Simulation of multibody systems is an increasingly-used computer aided engineering tool and has become more accessible through increased use of assembly-based solid modelling software. This module covers the theoretical basis of multibody dynamics, including constraint equations, dynamics formulations and numerical solution methods, and its application to a range of engineering problems using industry standard packages. The theory is presented and applied using simple examples, while more complex systems are implemented using industry-standard simulation environments. Issues such as model complexity, and non-ideal behaviour such as friction, contact and flexibility are considered, as well as the modelling of associated systems such as actuators and controllers. The interaction of mutibody simulation packages with other computer aided engineering tools such as CAD and with other modelling methods such as the finite element method is also considered. Examples are sourced from a range of application areas across mechanical engineering.

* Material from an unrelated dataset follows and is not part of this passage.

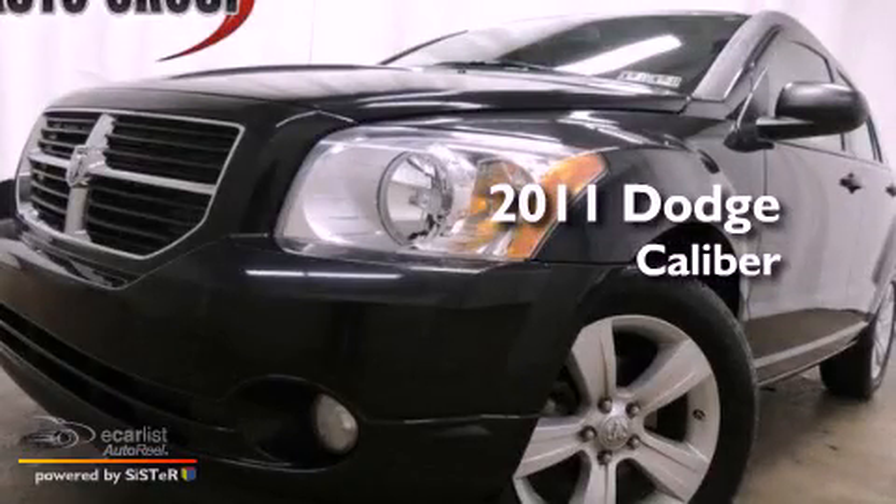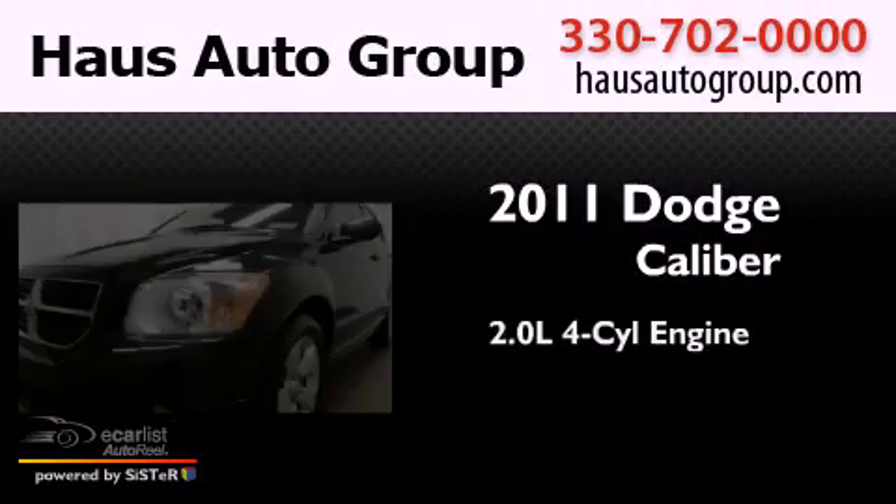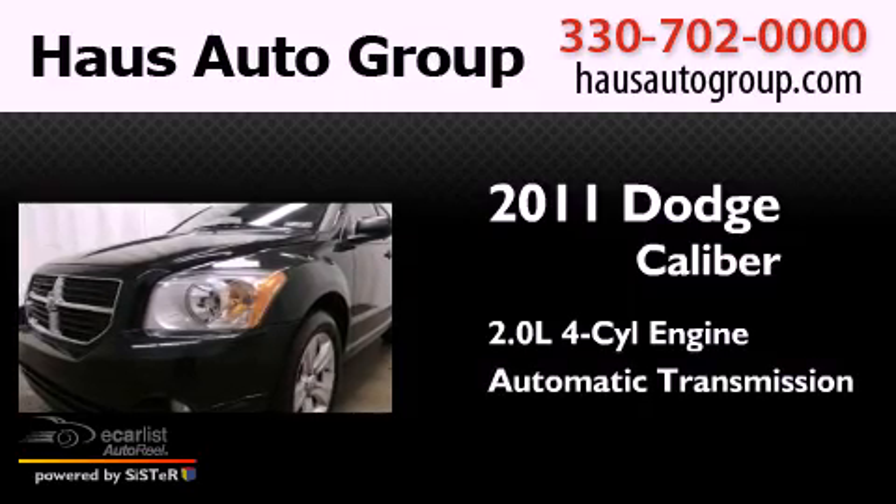This is a 2011 Dodge Caliber. It has a 2.0-liter four-cylinder engine and an automatic transmission.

Kinematics of multibody systems; Review of kinematics of particles and rigid bodies. Coordinate frames and transformations in 2D and 3D. Degrees of freedom, joints and constraints in multibody systems. Kinematic constraint equations – assembly and solution of kinematic models. Redundancy and degeneracy.
Dynamics of Multibody Systems: Review of dynamics of particles and rigid bodies. The Newton-Euler equations applied to multibody systems. Generalised coordinates and the principle of virtual work. Formulations including Lagrange’s equations and Kane’s equations applied to simple multibody systems. Assembly of dynamics equations for multibody systems.
Numerical Methods: Taylor’s series and the solution of systems of ODEs. The Euler, Runge Kutta and other methods. Variable timestep methods. Stiffness and stability. Implicit and explicit methods commonly used.
System Modelling: Idealisation and modelling of real world systems. Complexity, accuracy and computational effort. Validation. Modelling behaviours such as friction, flexibility, contact. Modelling of control, actuation and other elements. Model creation/import and interaction with other Computer Aided Engineering tools. Alternative model representations.